People get tired at events. You have vendors who don't show. Create little seating areas in empty booth spaces for your visitors. Have extra chairs. You can actually rent them and they will deliver and pick up.

2. The Bathroom
Please, people drive at least a half hour to and from and will spend how long at your event? Everyone is going to visit the bathroom. If you have to, hire someone and buy extra toilet paper, but maintain the bathrooms. Do not hold events in locations with inadequate facilities. It will break your event.

3. Parking
This is another big one. Take the Orlando Convention Center and below it, the Ft. Lauderdale Convention Center. By the time you hike from the parking lot you are tired and by the time you hike to the door of the event you are exhausted and then, you have miles of event. Why are there all these open spaces when people are trying to get from their car to the event??? I, even though in good shape, have crossed events at Orlando's main convention center off my list. Ft. Lauderdale has the unique problem that a commercial height van or large SUV cannot get into their parking lot because the CEILING is TOO LOW. They are off my list as I have to park on the roof and climb over a curb to do it. In other words, scout your location well and look at it from the point of loading and unloading and people getting from cars to event. I exhibited at one event where everyone had to load and unload using ONE elevator and they actually wanted to close the event and 5, we couldn't pack up before 5 and they wanted us out at 5. Teleporter anyone???

4. Noise
Yes, I mean noise. Never hold an exhibition in an auditorium. Auditoriums are designed to have excellent acoustics and that means sound carries. I attended one event, which couldn't even open the doors the next year, in an auditorium that was so well designed you could hear every word anyone said at the other end. Everyone had a splitting headache within an hour. No attendees returned for the second day. Add that to the fact they also had speakers with microphones. People, sheets do not dampen noise. They do not make effective barriers for anything. Never allow drumming in an enclosed space where people are trying to talk. Never allow speakers to control the sound system as they will try to drown out everyone else. Never allow a microphone to be used in a booth at an event. I saw an event lose most of their exhibitors because of a cookware demo booth with a microphone. They also never opened the doors again.

5. Temperature
You can't please everyone but when people are sweating, you had better have air conditioning if it is an inside event. Trust me on this one....95 degree weather, rain and 100% humidity will guarantee no vendor will ever buy a booth again and no one will ever buy a ticket. If it isn't an inside event, you had better have ice and water available because people go nuts when they dehydrate. The last thing you ever want is someone passing out at your event and having to call 911. Take a hint from Disney and Universal, they have drinks in huge tubs of ice for sale and they know people are going to take the ice. They let you take it because they don't want you passing out in the park.

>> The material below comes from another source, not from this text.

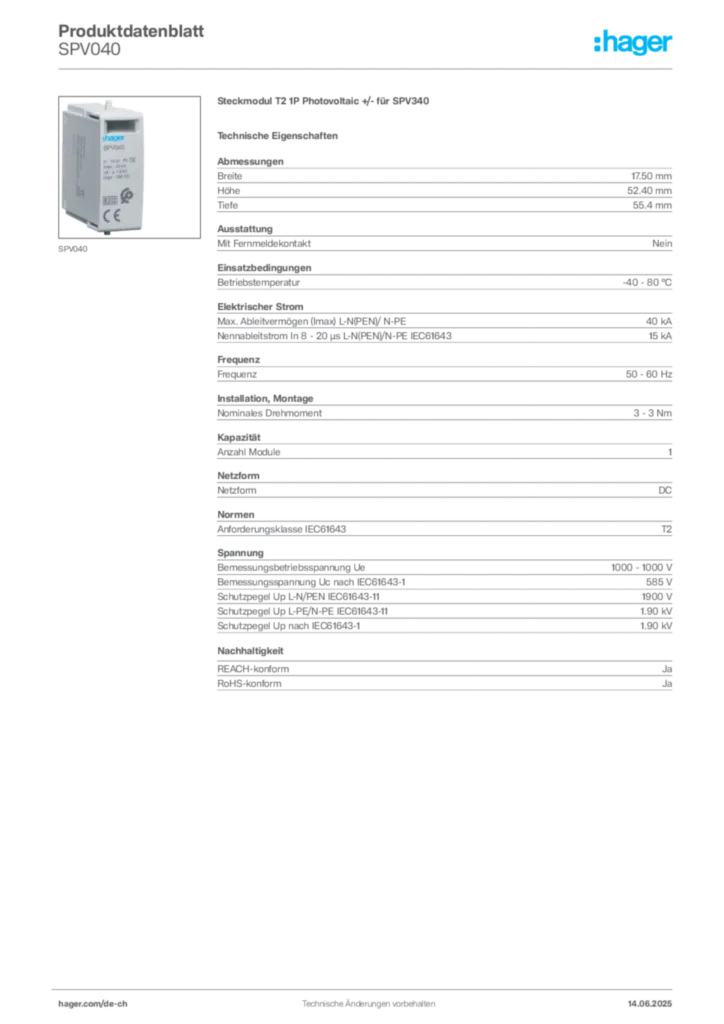 Bild Hager Produktdatenblatt SPV040 | Hager Schweiz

The rules are simple. Put yourself in the vendor's shoes and ask yourself how you would like to be treated. Walk through the event before you rent the location and look at it from the attendees' point of view. Have you made your vendors and events inaccessible? Is your event turning into a marathon? Are people going to be ready to kill someone by the time they get from the parking lot? If it is an all day event, is there food and drink  available? If you depend on restaurants, have you made certain they are open? Network with them, folks. Get fliers and maps from them. Find out if they deliver.

Look at your event as your home and your are entertaining. Everyone is your guest. Your goal is to please everyone. Believe it or not, your event is secondary to the experience of those attending it. I don't care if you have the world's most beautiful location and the best speakers in the Universe, if everyone is physically miserable at your event, they will not come back! If your vendors are miserable, your attendees will be just as miserable. If everyone is comfortable and having fun, your location can be ugly and your speakers mediocre. People will come back and bring their friends. The key is comfort.